As an example of an operation of the domain similarity determination part 34, for example, as in example 2-1 of FIG. 4, when the URL received from the element determination part 33 is “https://www.nec.com/xxxx”, the domain of the suspicious site is “example.co.jp”, and the threshold is 0.8, the specified domain of the suspicious site that is the source of comparison will be “example”, the specified domain of the link destination of the suspicious site that is the target of comparison will be “nec”, and the similarity between the source of comparison and the target of comparison will be calculated to be, for example, 0.01 (depending on the calculation method), and since the similarity of 0.01 is not greater than or equal to the threshold 0.8 and less than 1, the suspicious site is determined not to be the phishing site.
Further, for example, as in example 2-2 in FIG. 4, when the URLs received by the domain similarity determination part 34 from the element determination part 33 are “https://www.nec.com/xxxx” and “https://www.example.com/yyyy”, the domain of the suspicious site is “example.co.jp”, and the threshold is 0.8, the specified domain of the suspicious site that is the source of comparison is “example”, and the specified domains of the link destinations of the suspicious site that is the target of comparison are “nec” and “example”, and the similarity between the source of comparison and the target of comparison are calculated, for example, to be 0.01 and 1.0 (depending on the calculation method), since both of similarities 0.01 and 1.0 are not greater than the threshold 0.8 and are not less than 1, so it is determined that the suspicious site is not the phishing site.

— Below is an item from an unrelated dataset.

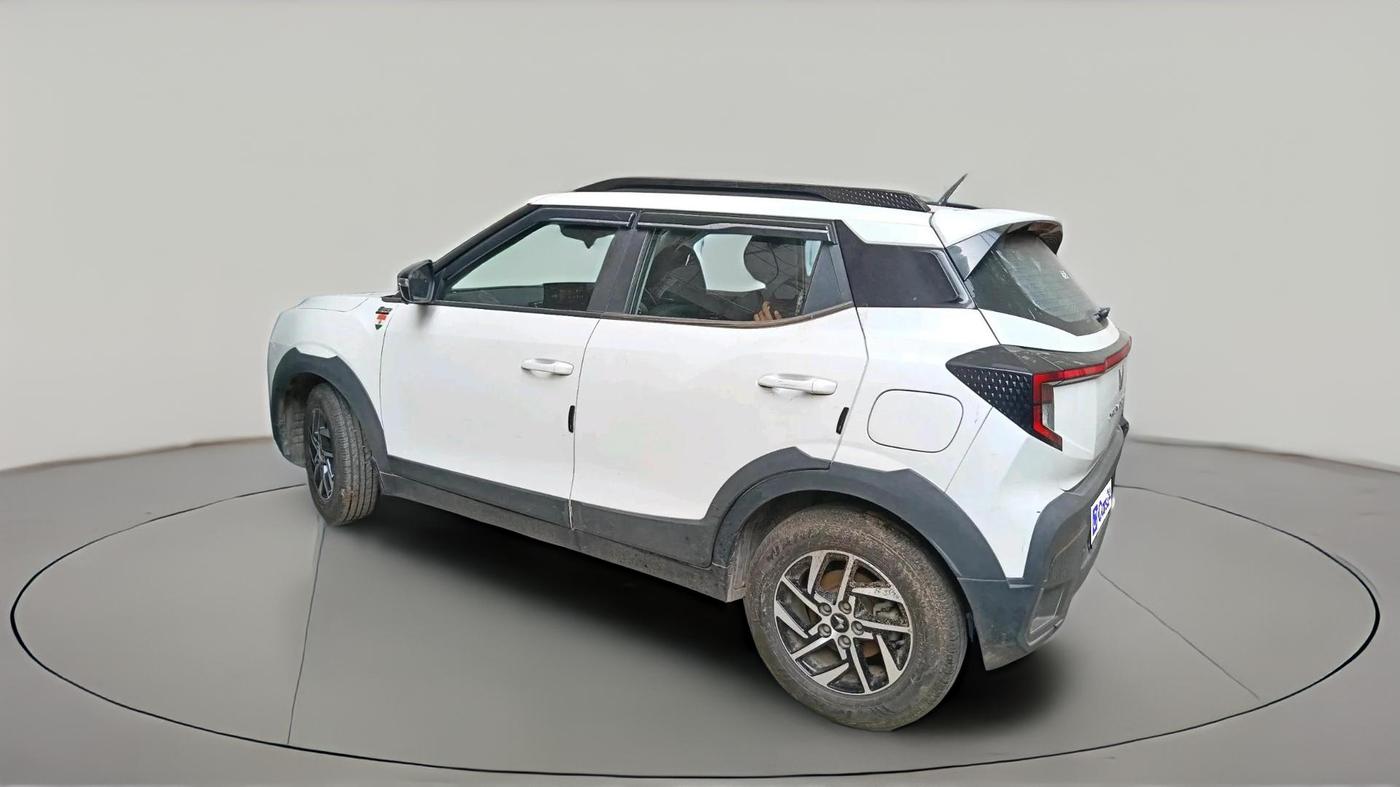 2024 Mahindra XUV 3XO AX5L 1.2 TGDi AT, Petrol, Automatic, 10,988 km, exterior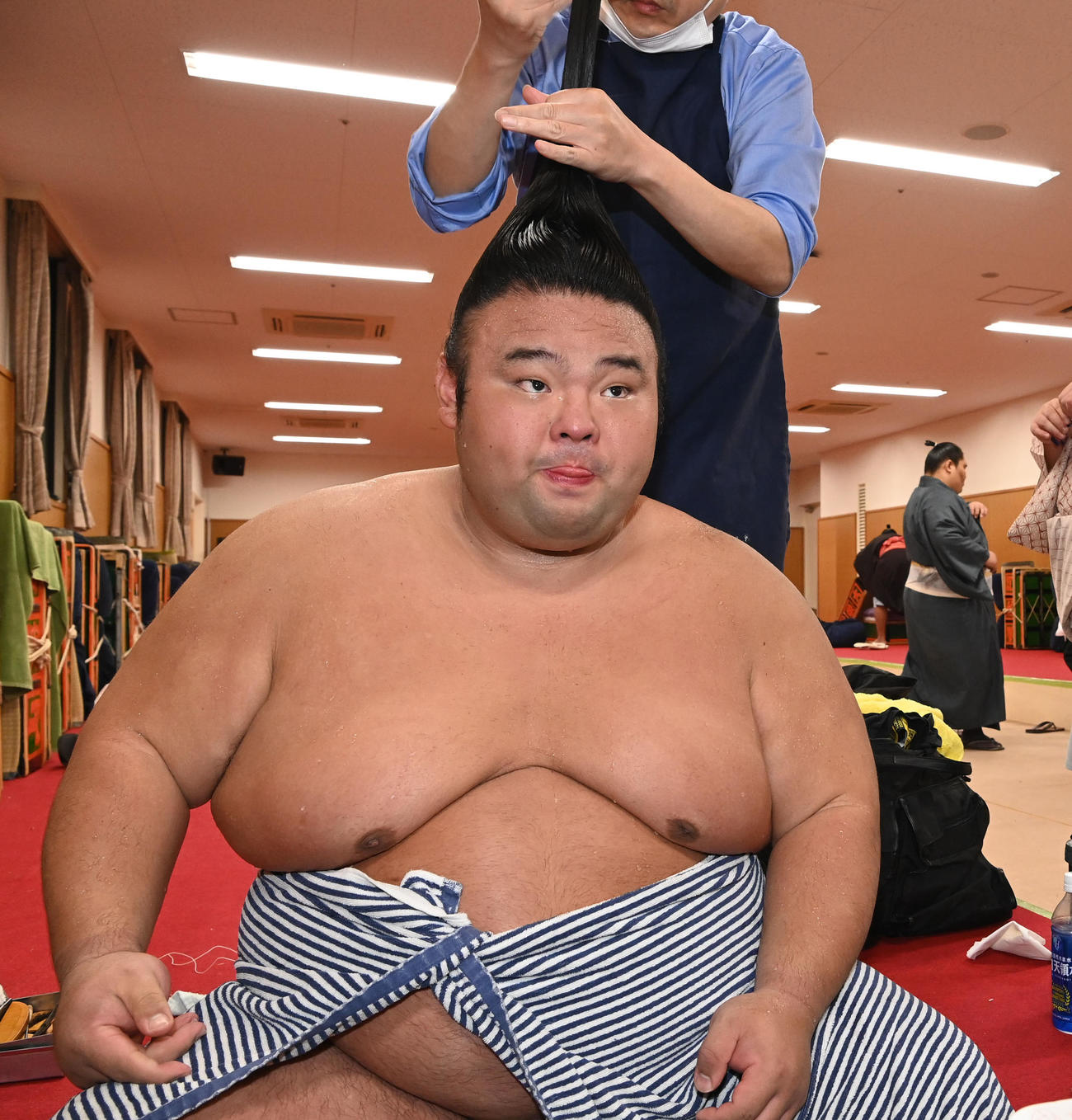 大相撲九州場所13日目　支度部屋で髪を整えてもらう貴景勝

Furthermore, for example, as in example 2-3 in FIG. 4, when the URLs received by the domain similarity determination part 34 from the element determination part 33 are “https://www.nec.com/xxxx” and “https://www.example.co.jp/yyyy,” the domain of the suspicious site is “example.co.jp,” and the threshold is 0.8, the specified domain of the suspicious site that is the source of comparison is “example”, the specified domains of the link destinations of the suspicious site that is the target of comparison are “nec” and “example,” and the similarity between the source of comparison and the target of comparison is calculated to be, for example, 0.015 and 0.95 (depending on the calculation method), although the similarity 0.015 is not greater than or equal to the threshold 0.8 and not less than 1, the similarity 0.95 is greater than or equal to the threshold 0.8 and less than 1, and therefore the suspicious site is determined to be highly likely to be the phishing site.
A description will be made with reference to the drawings regarding the operation of the information processing apparatus according to the first example embodiment. FIG. 5 is a flowchart schematically showing an example of an operation of the phishing site detection part of the information processing apparatus according to the first example embodiment. Note that FIG. 1 should be referred to regarding the configuration of the information processing apparatus.
First, the information acquisition part 31 of the phishing site detection part 30 of the information processing apparatus 10 acquires suspicious site information 1 being browsed by the browsing processing part 20 (step A1).
Next, the element extraction part 32 of the phishing site detection part 30 extracts a specified element(s) (here, the URL of the link destination in the suspicious site information 1) from the suspicious site information 1 acquired by the information acquisition part 31 (step A2).
Next, the element determination part 33 of the phishing site detection part 30 determines whether or not a URL of a linked destination exists in the specified element(s) extracted by the element extraction part 32 (step A3). When a URL of a linked destination does not exist (NO in step A3), the process proceeds to step A10.
When a linked URL exists (YES in step A3), the domain similarity determination part 34 of the phishing site detection part 30 extracts the scheme (http://), host (www), top level domain (com, jp, etc.), second level domain (co, ac, go, etc.) representing the organizational attribute when there is an organizational attribute, and a specified domain excluding directories (for example, third level domain, second level domain not representing organizational attributes, etc.) from linked URL (linked URL in the suspicious site information 1) determined by the element determination part 33 (step A4).
Next, the domain similarity determination part 34 acquires the URL of the suspicious site information 1 itself from the information acquisition part 31 to extract, from the acquired URL, specified domains (for example, third level domains, second level domains that do not represent organizational attributes, etc.) excluding the scheme (http://), host (www), top level domain (com, jp, etc.), second level domain (co, ac, go, etc.) representing the organizational attribute when there is an organizational attribute, (step A5).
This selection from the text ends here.